The English section presents 450–500 word passages drawn from contemporary non-fiction: editorials, essays, and legal commentary. Every question is passage-dependent — you are never asked to recall a grammar rule in isolation. The skills tested are reading comprehension (main idea, inference, tone), vocabulary in context (what a word means as used in this passage, not its dictionary definition), and grammar through error identification in sentences. Strong readers who regularly engage with quality prose — The Hindu, Indian Express editorials, law review introductions — tend to score 20+/24 with modest preparation effort.
This is the highest-variance section — the section that most separates consistent daily readers from periodic crammers. CLAT tests current affairs through passages about recent events, not isolated fact questions. The Consortium expects awareness of events from the 12–18 months preceding the exam, across six categories: polity and governance, economy, international affairs, environment and science, legal and constitutional developments, and sports and awards.

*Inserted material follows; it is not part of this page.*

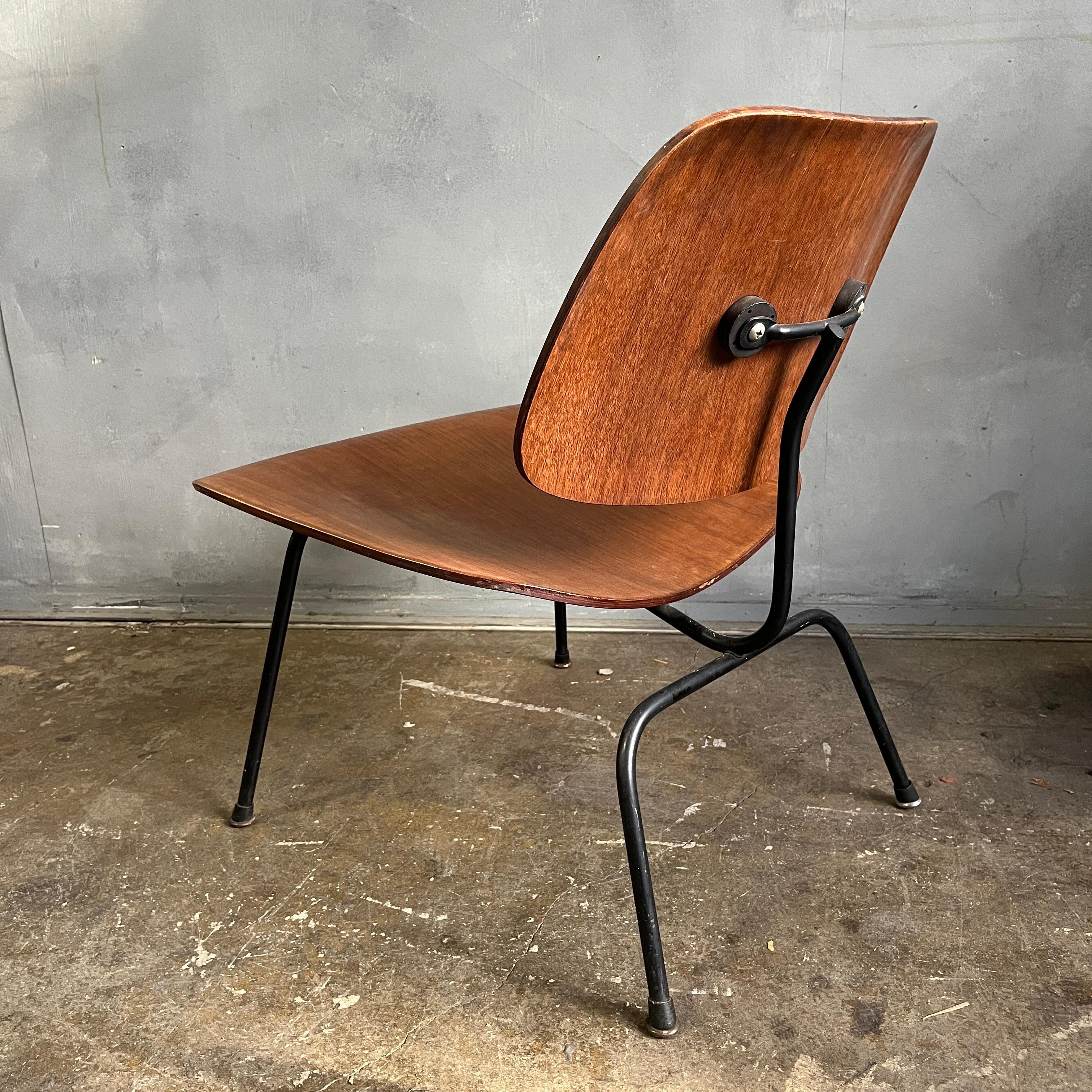 Midcentury Authentic Eames LCM Lounge Chair in Walnut In Good Condition In BROOKLYN, NY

Static GK (constitutional articles, historical facts, geography) appears within passages contextualising current events, not as standalone questions. A daily newspaper habit, supplemented by monthly current-affairs digests, is the only reliable preparation strategy.
Legal Reasoning is the section that most rewards deliberate preparation and most punishes rote learning. Passages present a legal principle and a factual scenario; candidates must apply the principle to the facts and arrive at a conclusion. No prior legal knowledge is required — the principle is always stated in the passage. The areas tested span Torts, Contracts, Constitutional Law, Criminal Law, Family Law, and Property Law. The challenge is not the legal content but the reasoning pattern: suppressing your intuitions and applying only the stated principle even when it leads to a counterintuitive result.

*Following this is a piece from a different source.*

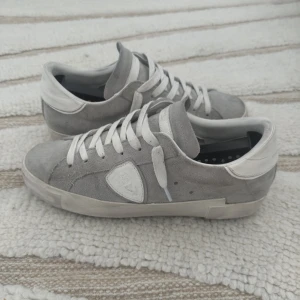 Philippe Model - Skit feta Phillipe models. Använda i cirka en månad. Säljer dem för att jag fick valentino skor i present. Det är bara att meddela mig om ni undrar över något.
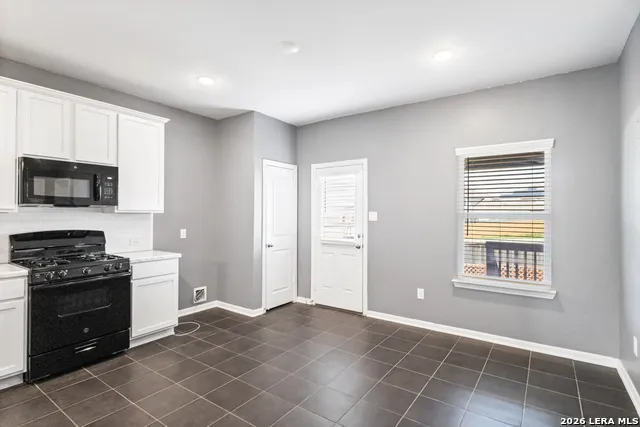 4703 Belgravia Park Converse, TX 78109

CLAT Logical Reasoning is passage-based critical reasoning, not the abstract syllogism or seating-arrangement puzzles found in other competitive exams. Passages present arguments, and candidates are asked to identify assumptions, identify flaws in reasoning, strengthen or weaken the argument, draw inferences, or identify the conclusion. The skill is analytical reading: distinguishing what is stated from what is implied, and what is implied from what is assumed. Practice with LSAT-style reading comprehension passages builds this skill faster than any formula-based approach.

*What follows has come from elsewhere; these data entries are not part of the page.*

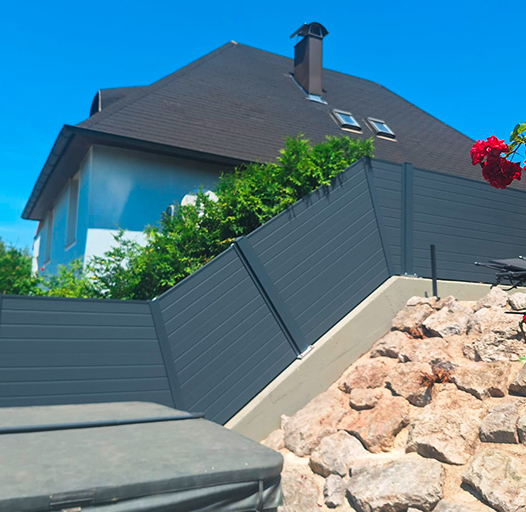 Hier sehen Sie ein Referenzobjekt aus dem Bereich der Zaun- und Sichtschutzanlagen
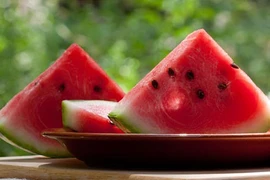 Đây là lý do bạn không nên bỏ hạt dưa hấu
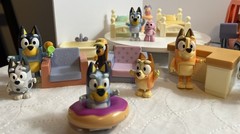 Bluey – Friends & Family Figures, Car, Furniture And Accessories Lot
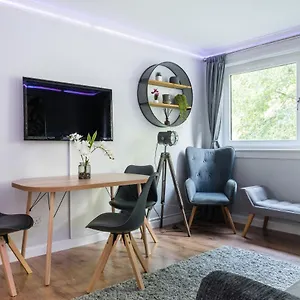 Centre Stylish With Free Parking EDI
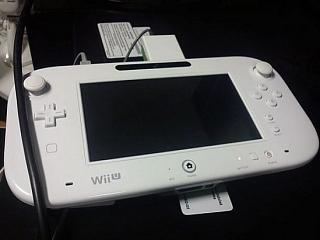 Clicca sull'immagine per ingrandirla. 

Nome:   Wii-U_controller_Traveller's-Tales-tester-May-2012.jpg 
Visite: 1 
Dimensione: 27.7 KB 
ID: 259371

The smallest section by marks (12 questions) but often the biggest time trap. Questions are data interpretation and arithmetic-based: percentage calculations, ratio and proportion, averages, simple profit-and-loss, and basic algebra from tables, charts, and graphs. The standard tested is Class 10 mathematics — nothing beyond. The challenge is accuracy under time pressure. Students who skip this section entirely sacrifice 10% of the paper; those who over-invest in it sacrifice time needed in Legal Reasoning. Aim for 8–10 correct answers with confident, selective attempting.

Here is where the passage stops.